In a preferred transformed host cell according to the invention, the nucleic acid construct confers to the host cell the ability to grow on xylose as carbon/energy source, preferably as sole carbon/energy source, and preferably under anaerobic conditions, i.e. conditions as defined herein below for anaerobic fermentation process. Preferably, when grown on xylose as carbon/energy source the transformed host produces essentially no xylitol, e.g. the xylitol produced is below the detection limit or e.g. less than 5, 2, 1, 0.5, or 0.3% of the carbon consumed on a molar basis. Preferably, in case carbon/energy source also includes arabinose, the cell produces essentially no arabinitol, e.g. the arabinitol produced is below the detection limit or e.g. less than 5, 2, 1, 0.5, or 0.3% of the carbon consumed on a molar basis.
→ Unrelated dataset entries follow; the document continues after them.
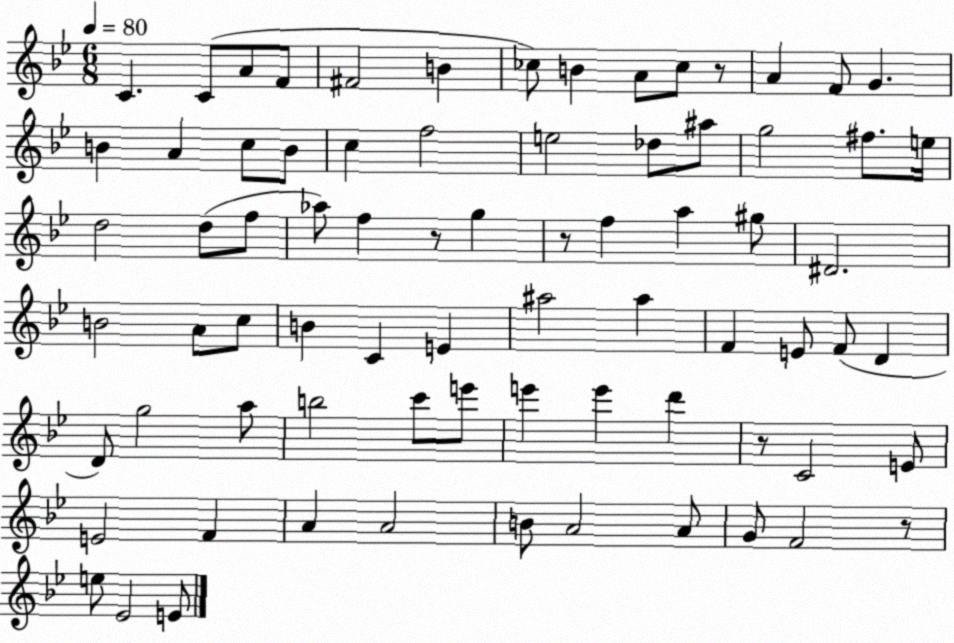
X:1
T:Untitled
M:6/8
L:1/4
K:Bb
C C/2 A/2 F/2 ^F2 B _c/2 B A/2 _c/2 z/2 A F/2 G B A c/2 B/2 c f2 e2 _d/2 ^a/2 g2 ^f/2 e/4 d2 d/2 f/2 _a/2 f z/2 g z/2 f a ^g/2 ^D2 B2 A/2 c/2 B C E ^a2 ^a F E/2 F/2 D D/2 g2 a/2 b2 c'/2 e'/2 e' e' d' z/2 C2 E/2 E2 F A A2 B/2 A2 A/2 G/2 F2 z/2 e/2 _E2 E/2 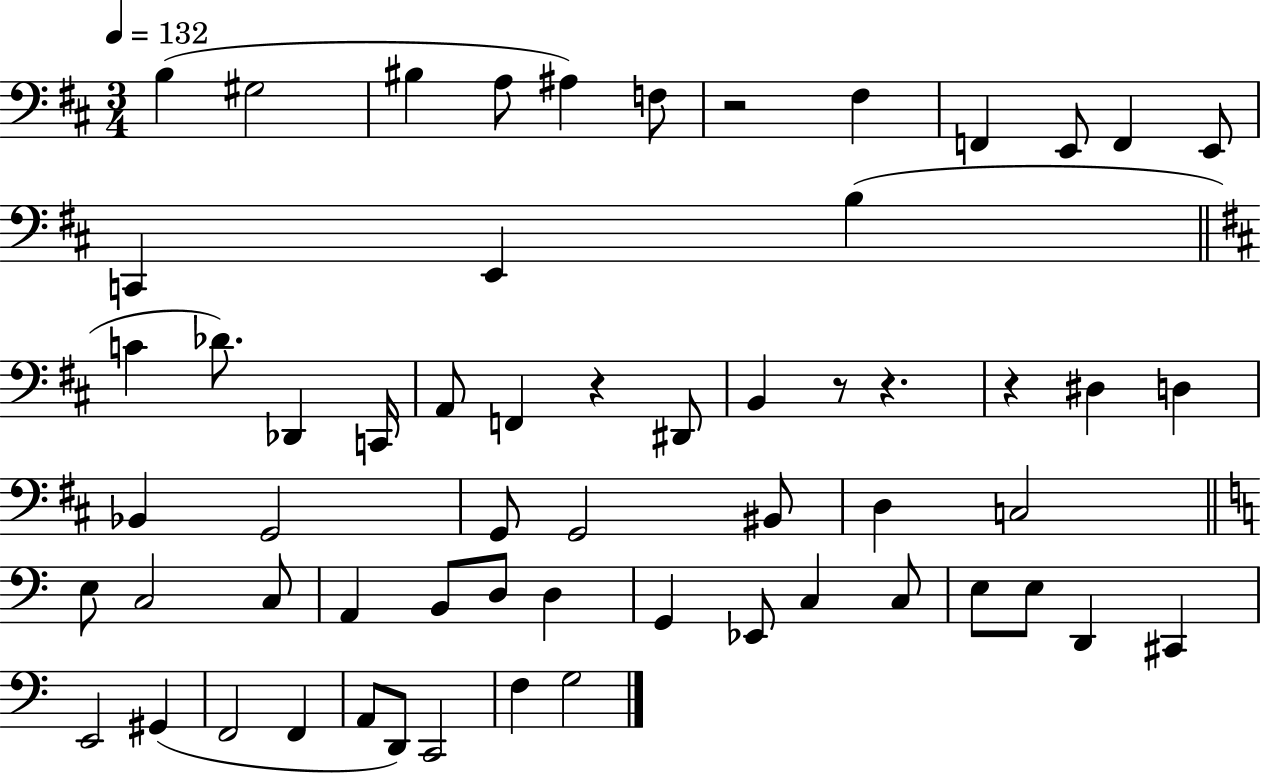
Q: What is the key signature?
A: D major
A transformed host cell of the invention preferably has the ability to grow on xylose as sole carbon/energy source at a rate of at least 0.01, 0.02, 0.05, 0.1, 0.2, 0.25 or 0.3 h−1 under aerobic conditions, or, more preferably, at a rate of at least 0.005, 0.01, 0.02, 0.05, 0.08, 0.1, 0.12, 0.15 or 0.2 h−1 under anaerobic conditions. A cell of the invention preferably has the ability to grow on a mixture of glucose and xylose (in a 1:1 weight ratio) as sole carbon/energy source at a rate of at least 0.01, 0.02, 0.05, 0.1, 0.2, 0.25 or 0.3 h−1 under aerobic conditions, or, more preferably, at a rate of at least 0.005, 0.01, 0.02, 0.05, 0.08, 0.1, 0.12, 0.15 or 0.2 h−1 under anaerobic conditions. Thus, in a preferred transformed host cell according to the invention, the nucleic acid construct confers to the host cell the ability to anaerobically ferment xylose as sole carbon source in a process wherein ultimately pyruvate is used as an electron (and hydrogen acceptor) and is reduced to fermentation products such as ethanol, lactic acid, 3-hydroxy-propionic acid, acrylic acid, acetic acid, succinic acid, citric acid, amino acids, 1,3-propane-diol, ethylene, glycerol, β-lactam antibiotics and cephalosporins.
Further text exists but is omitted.